Research Pipeline Phases

PHASE 1 — Generation & C2PA Embedding

Goal: Generate AI-produced images and videos, then embed C2PA manifests.

Internal Pipeline:

  • 100 images (Stable Diffusion v1.4, 1024×1024, seeds 42-141)
  • 50 videos (Stable Video Diffusion, image-to-video)
  • All assets signed with c2patool (built-in test certificate)

External Videos:

  • 60 videos from Google Veo3.1
  • Automatically signed during preparation
  • Enables cross-platform AI comparison

Deliverables:

  • ✅ 100 signed images in data/prepared_assets/signed_assets/images/
  • ✅ 110 signed videos (50 internal + 60 external)
  • ✅ Metadata preserved: seed, model version, generation prompts

PHASE 2 — Transformations & Compression Testing

Goal: Apply controlled transformations to assess how content modifications affect C2PA metadata.

Image Transformations:

  • JPEG compression (q95, q75, q50, q25)
  • PNG compression (c0, c9 - lossless)
  • Resize (75%, 50%, 25%)
  • Crop (center 80%, 60%)
  • Rotation (90°, 180°)
  • Brightness adjustment (-40 to +40)
  • Contrast adjustment
  • Saturation adjustment

Video Transformations:

  • H.264 re-encoding (5000k, 2000k, 500k bitrates)
  • H.265 re-encoding (2000k, 500k bitrates)
  • FPS adjustment (30fps, 10fps, 5fps, 3fps)
  • Resize (75%, 50%)
  • Crop (center 80%)
  • Trim (first 50%, middle 50%)
  • Brightness adjustment (-40 to +40)

Deliverables:

  • ✅ ~3,460 transformed assets in data/prepared_assets/transformed/
  • ✅ Comprehensive transformation coverage across both images and videos

PHASE 2.5 — Social Media Round-Trip Testing

Goal: Test whether C2PA manifests survive after uploading and downloading from major social platforms.

Platforms Tested:

  • Instagram (video, image, post) - 25 images + 10 videos
  • Twitter/X (video, image, upload) - 25 images + 10 videos
  • Facebook (video, image, post) - 25 images + 10 videos
  • YouTube (video, upload) - 10 videos
  • TikTok (video, upload) - 10 videos

Workflow:

  1. Auto-sampled 160 assets (100 images + 60 videos)
  2. Manual upload to platforms (via mobile/web apps)
  3. Manual download using third-party tools (FastDL, Snaplytics, SnapTik)
  4. Automated processing with C2PA verification + quality metrics

Download Tools Used:

Expected Outcomes:

  • ✅ Most platforms STRIPPED C2PA manifests (manifest_present = 0)
  • ✅ Quality degradation documented via PSNR/SSIM/VMAF metrics
  • ✅ Platform-specific compression characteristics analyzed

Deliverables:

  • data/results/platform_results.csv (160 platform round-trip results)
  • ✅ Integrated into final_metrics.csv with platform metadata

PHASE 3 — Verification & Metric Computation

Goal: Validate C2PA manifests post-transformations and measure perceptual quality degradation.

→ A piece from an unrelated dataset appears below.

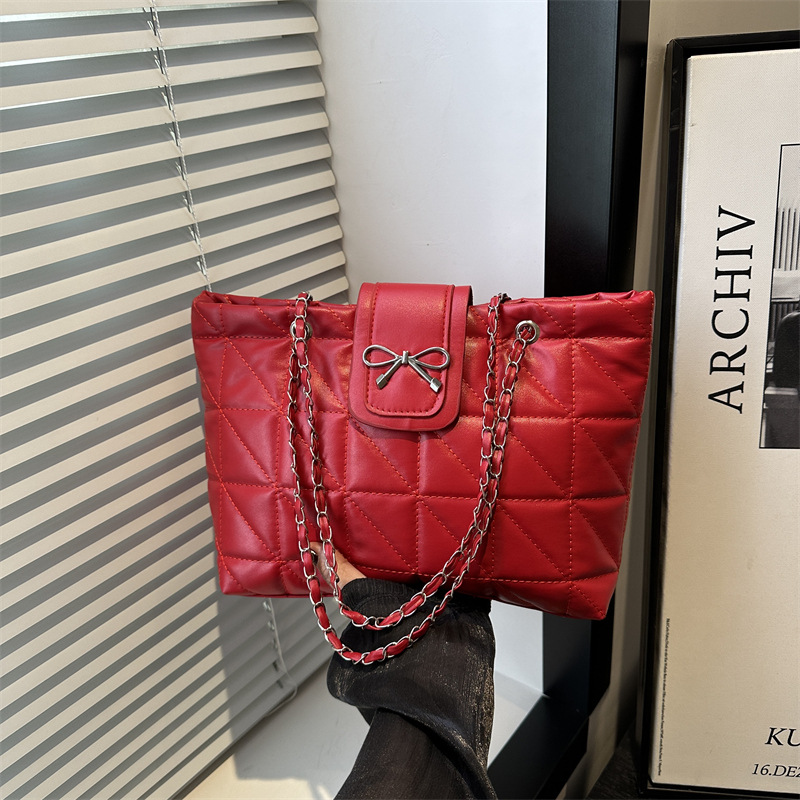 The new 2025 summer collection features a soft texture, diamond-shaped chain bag, a large-capacity tote bag, a trendy and fashionable shoulder bag, and a large bag full figure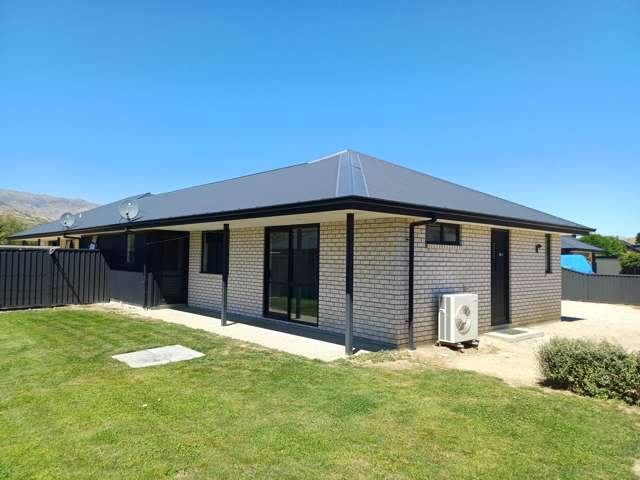 34 A+B Stratford Drive Cromwell_1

C2PA Verification Metrics:

  • manifest_present (0/1)
  • verified (0/1) - INTEGRITY validation (claimSignature.validated)
  • signature_valid, hash_match, assertion_uris_match (0/1)
  • trust_verified (informational, not failure metric)
  • validation_state, failure_reason (descriptive)

Quality Metrics:

  • Images: PSNR, SSIM (stretched + aligned variants)
  • Videos: VMAF (stretched + aligned variants, aspect ratio aware)
  • Alignment methods: same_aspect_ratio, crop_reference_center_square, scale_both_to_minimum
  • Lossless detection: lossless_match flag (PSNR >= 100 dB)

Deliverables:

  • data/results/c2pa_validation.csv (~3,460 transformed + 160 platform)
  • data/results/quality_metrics.csv (~3,460 transformed + 160 platform)
  • data/results/final_metrics.csv (~3,620 total rows, 29 columns)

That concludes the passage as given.